##### Collected data

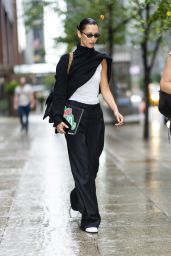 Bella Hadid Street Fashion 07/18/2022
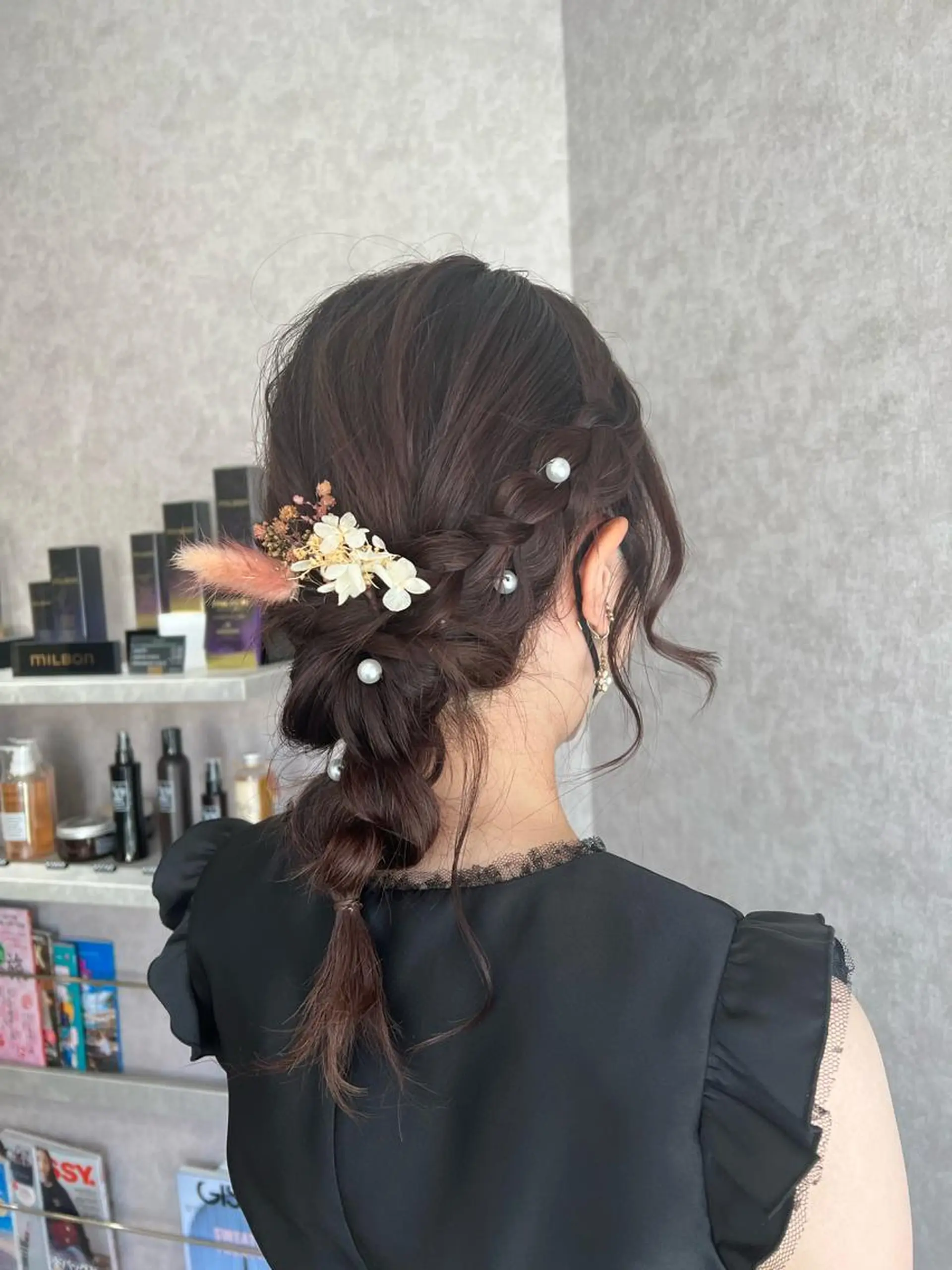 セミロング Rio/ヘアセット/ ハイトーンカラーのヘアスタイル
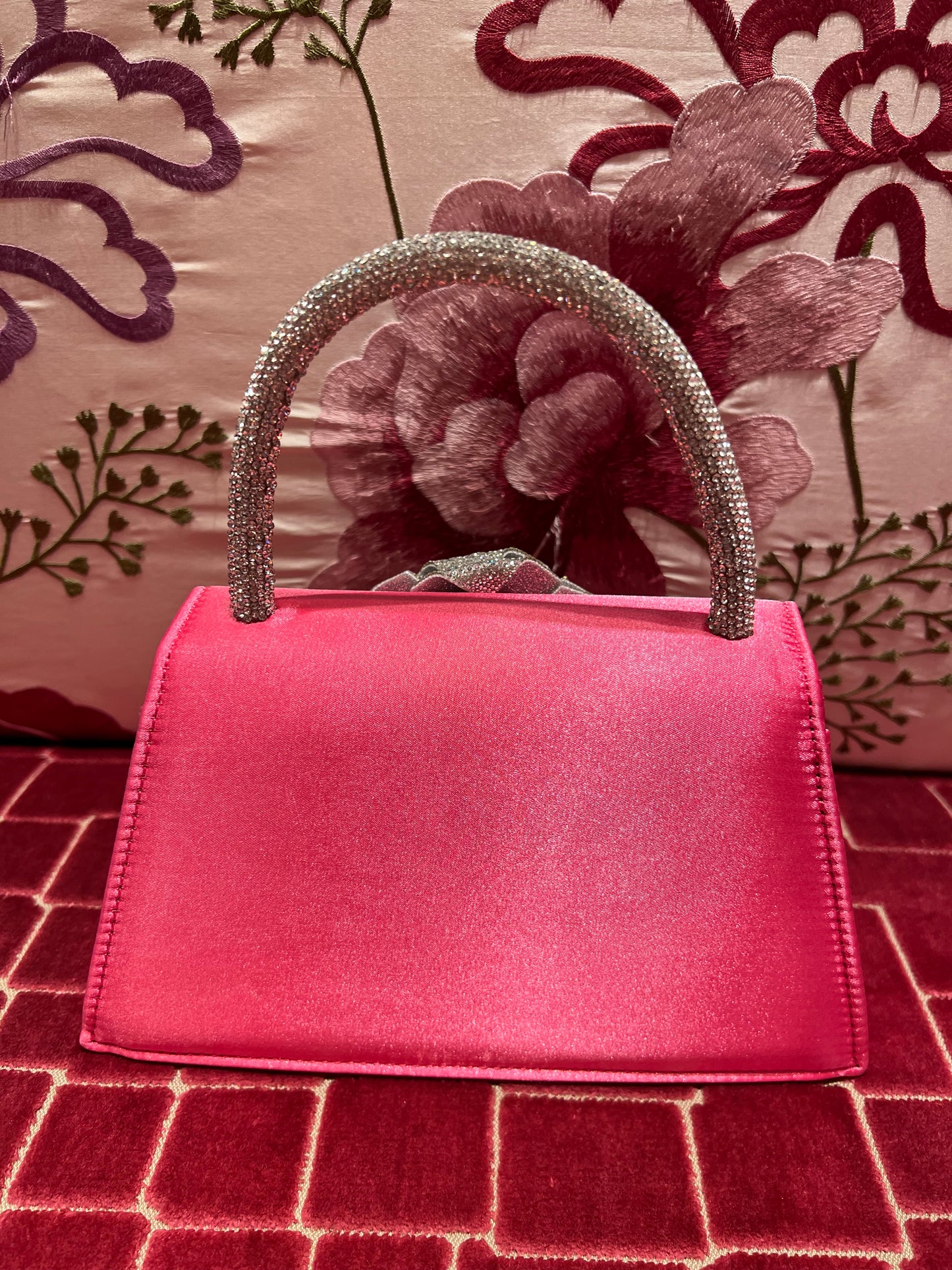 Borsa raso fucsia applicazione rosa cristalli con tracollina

##########

* _Task item_
Transcribe the whole listing above exactly and leave out the pictures.

* _Output below_
 Bella Hadid Street Fashion 07/18/2022
 セミロング Rio/ヘアセット/ ハイトーンカラーのヘアスタイル
 Borsa raso fucsia applicazione rosa cristalli con tracollina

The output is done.